(Work order):
Make an exact copy of the entries below, with all images left out.

------ Exercise material ------

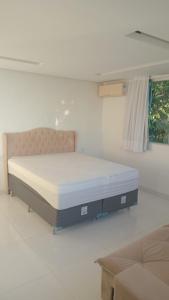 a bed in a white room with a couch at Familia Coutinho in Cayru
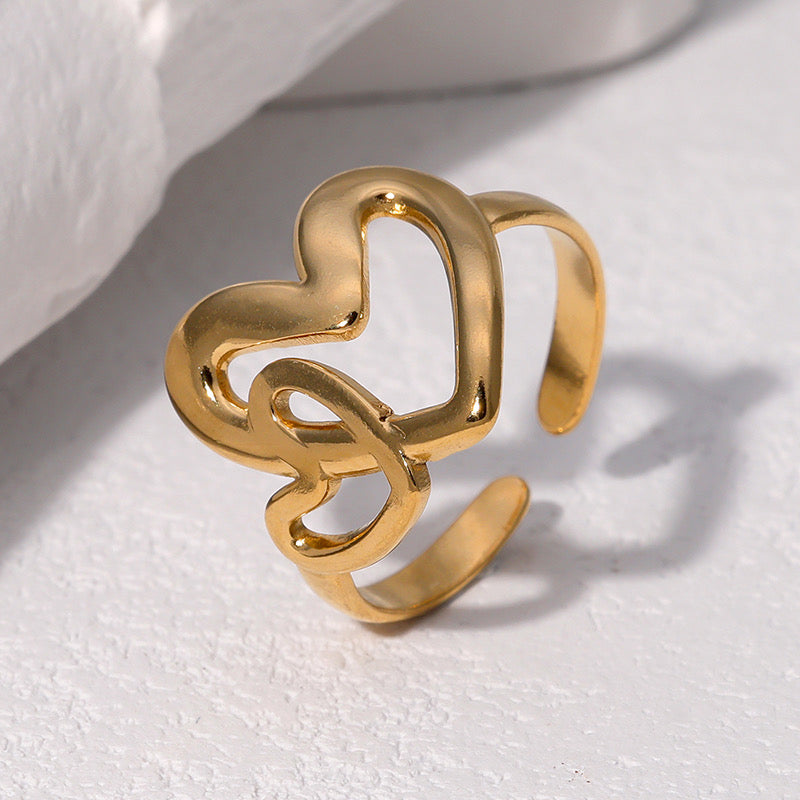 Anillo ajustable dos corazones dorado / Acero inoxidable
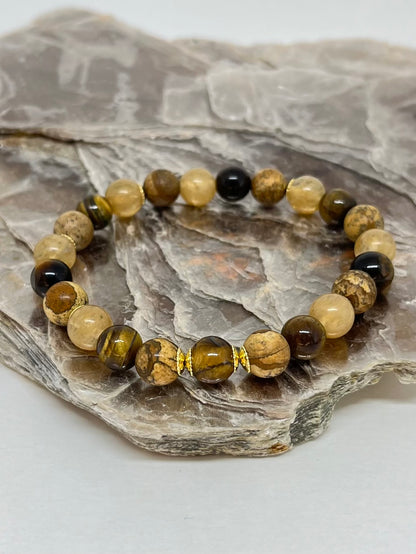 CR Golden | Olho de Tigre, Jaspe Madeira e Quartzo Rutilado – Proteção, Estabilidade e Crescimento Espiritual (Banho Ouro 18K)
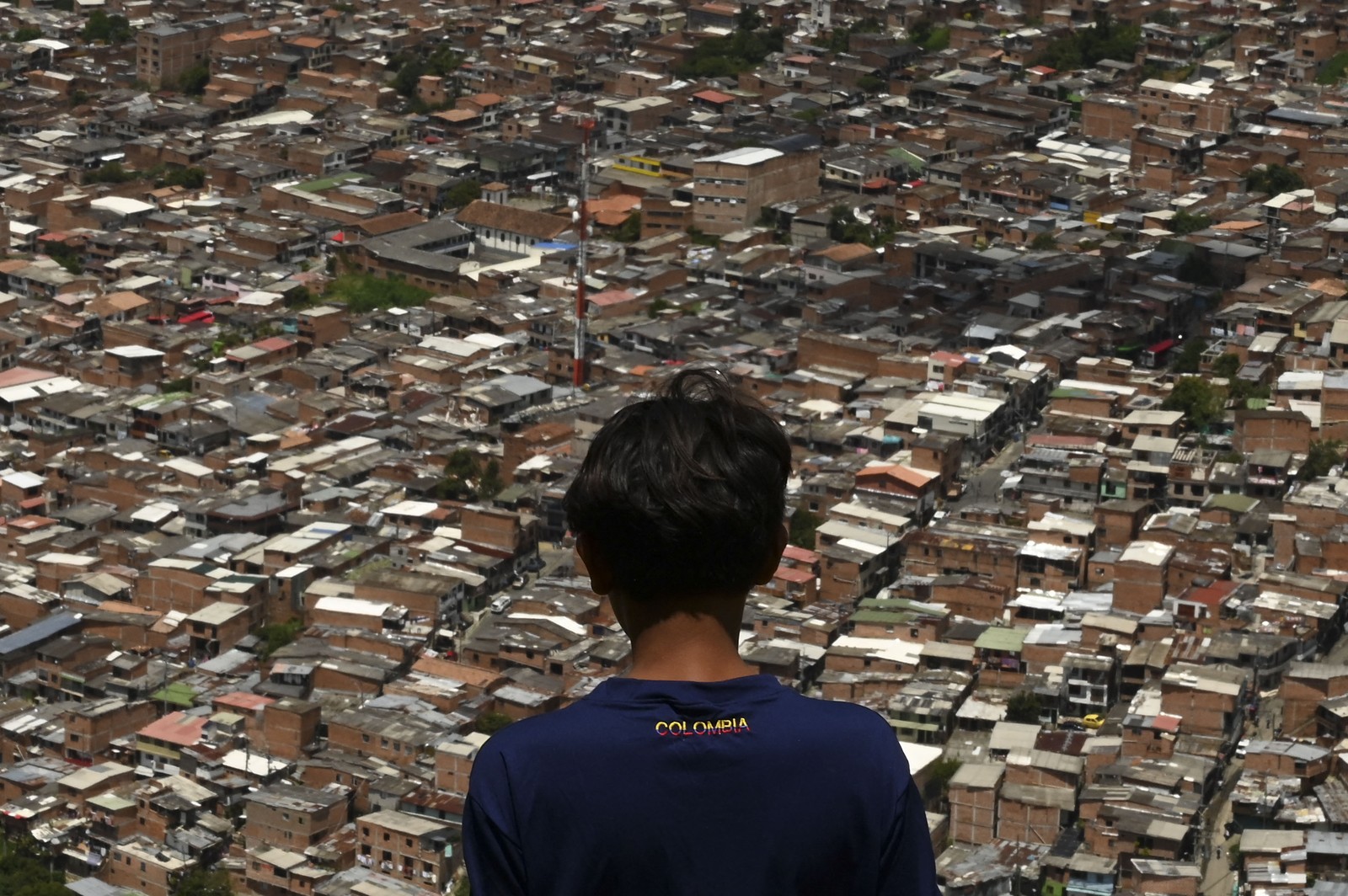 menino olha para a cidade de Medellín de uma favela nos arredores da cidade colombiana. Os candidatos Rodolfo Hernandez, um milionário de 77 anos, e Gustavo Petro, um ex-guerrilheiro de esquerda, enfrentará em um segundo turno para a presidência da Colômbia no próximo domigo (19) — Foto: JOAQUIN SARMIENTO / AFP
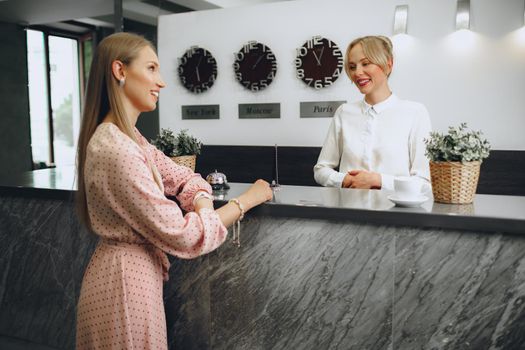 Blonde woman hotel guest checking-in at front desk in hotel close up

------

(Answer for the task):
 a bed in a white room with a couch at Familia Coutinho in Cayru
 Anillo ajustable dos corazones dorado / Acero inoxidable
 CR Golden | Olho de Tigre, Jaspe Madeira e Quartzo Rutilado – Proteção, Estabilidade e Crescimento Espiritual (Banho Ouro 18K)
 menino olha para a cidade de Medellín de uma favela nos arredores da cidade colombiana. Os candidatos Rodolfo Hernandez, um milionário de 77 anos, e Gustavo Petro, um ex-guerrilheiro de esquerda, enfrentará em um segundo turno para a presidência da Colômbia no próximo domigo (19) — Foto: JOAQUIN SARMIENTO / AFP
 Blonde woman hotel guest checking-in at front desk in hotel close up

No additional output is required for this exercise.